La Giunta per le Autorizzazioni della Camera ha deciso di restituire gli atti relativi all’inchiesta sull’allora ex ministro dei Trasporti Pietro Lunardi al Tribunale dei ministri di Perugia. La decisione, spiegano nel centrodestra, è motivata dal fatto che senza conoscere la posizione anche degli altri coimputati non è possibile decidere nel merito.
I magistrati di Perugia, infatti, non avevano accolto la richiesta della maggioranza di inviare in Giunta anche gli atti relativi agli altri coimputati tra cui il cardinal Sepe. Il Pd si e’ opposto alla decisione spiegando, come osserva Marilena Samperi, che questo rinvio di atti non e’ che un modo ”per ostacolare le indagini”. Quando la Procura chiede l’autorizzazione alla Camera di competenza, infatti, le indagini subiscono uno stop.
I deputati di Pdl e Lega, anche nelle precedenti sedute della Giunta, si erano espressi a favore della possibilita’ di sollevare un conflitto di attribuzione con i magistrati per il mancato invio della documentazione sugli altri coimputati. Alla fine pero’ si e’ deciso di lasciare il ‘cerino’ nelle mani del Tribunale dei ministri di Perugia perche’, si osserva nell’opposizione, di fatto si era gia’ entrati nel merito della vicenda.
Lunardi, infatti, era gia’ venuto a difendersi in Giunta e pertanto non si sarebbe piu’ potuto votare una questione ‘pregiudiziale’ come sarebbe stata quella di sollevare il conflitto di attribuzione davanti alla Corte Costituzionale. Per tale motivo, visto che comunque i deputati del Pdl continuavano a sostenere la tesi della ‘doppia pronuncia’, si e’ preferito rinviare gli atti alla magistratura.

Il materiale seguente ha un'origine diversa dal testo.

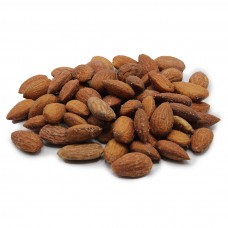 Roasted and salty almonds.
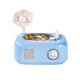 BURDO Children's Gramophone Puzzle Early Education Story Machine Children's Songs Ancient Poetry Player Grind Ears and Coax Recording Machine Toys Pink Gramophone + 55-piece magnetic card before bedtime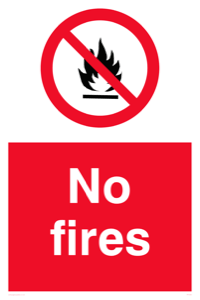 No fires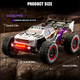 Радіокерована машинка ZLL SG316 PRO 1:16 4WD, монстр трак до 40 км/год, RC позашляховик на пульті, 2 АКБ + батарейки у подарунок - зображення 7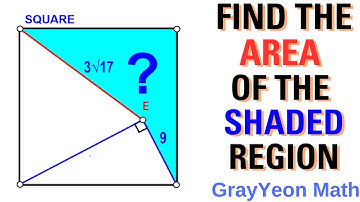 Find the area of the blue region Important Geometry skills explained #geometryskills #mathpuzzles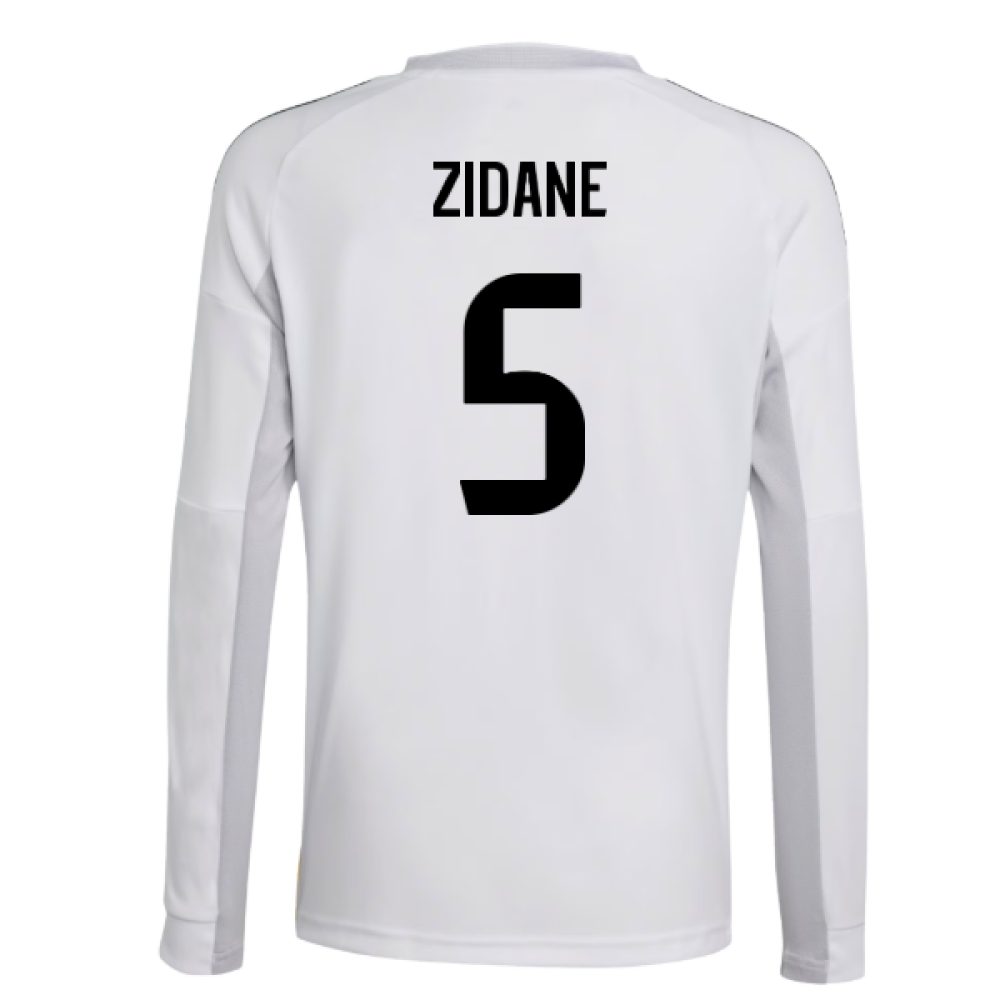 2025-2026 Real Madrid Long Sleeve Home Shirt (Kids) (Zidane 5)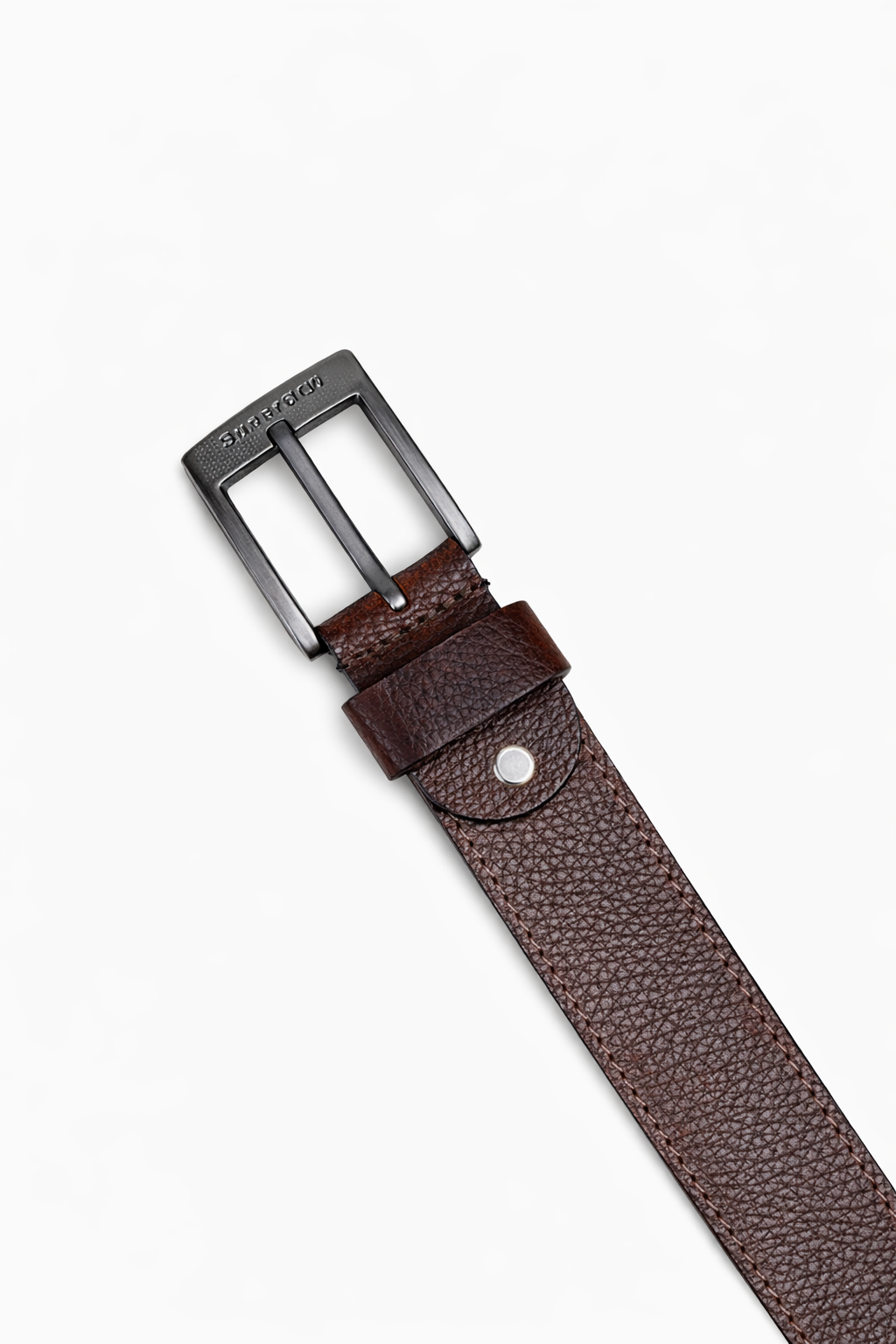 GENUINE LEATHER BELT BROWN
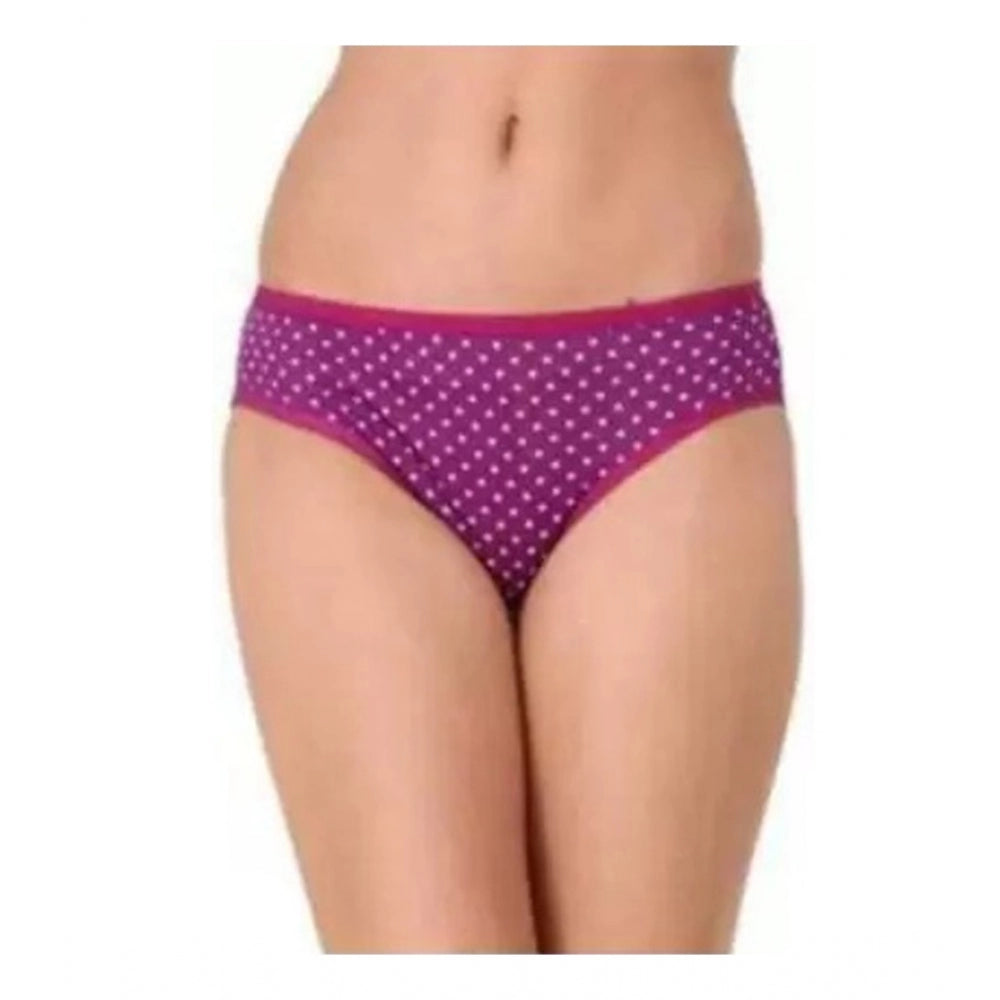 Generic Women's Cotton Printed Hipster Panty (MultiColor)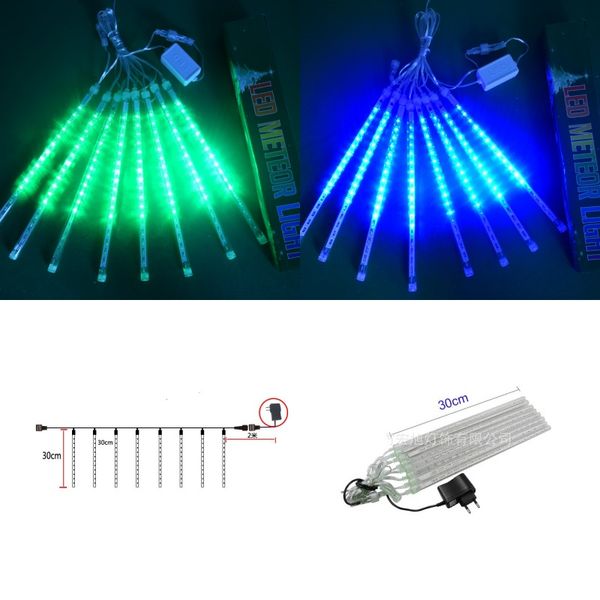 

светодиодные светильники meteors душевые дождиные светильники 8 струнных наборов лампы украшают садовые деревья четырелярьеры зеленое свечен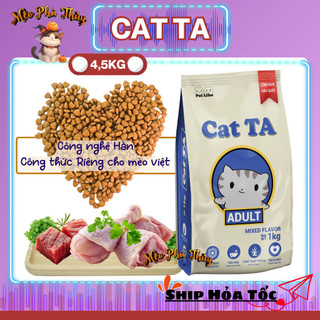 Hạt mèo Cat TA 4.5KG vị Gà Tây & Cá Ngừ giúp bộ lông óng mượt, hạn chế rụng lông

Se questa vorra’ andare avanti nelle indagini, sara’ costretta a sollevarlo lei il conflitto di attribuzione. Nel momento in cui viene chiesta alla Camera di appartenenza un’autorizzazione, infatti, le indagini vengono sospese. ”La decisione presa a maggioranza in Giunta – sottolinea Federico Palomba dell’Idv – serve solo a perdere tempo. Ed e’ esattamente questo l’obiettivo che Pdl e Lega si erano prefissati”.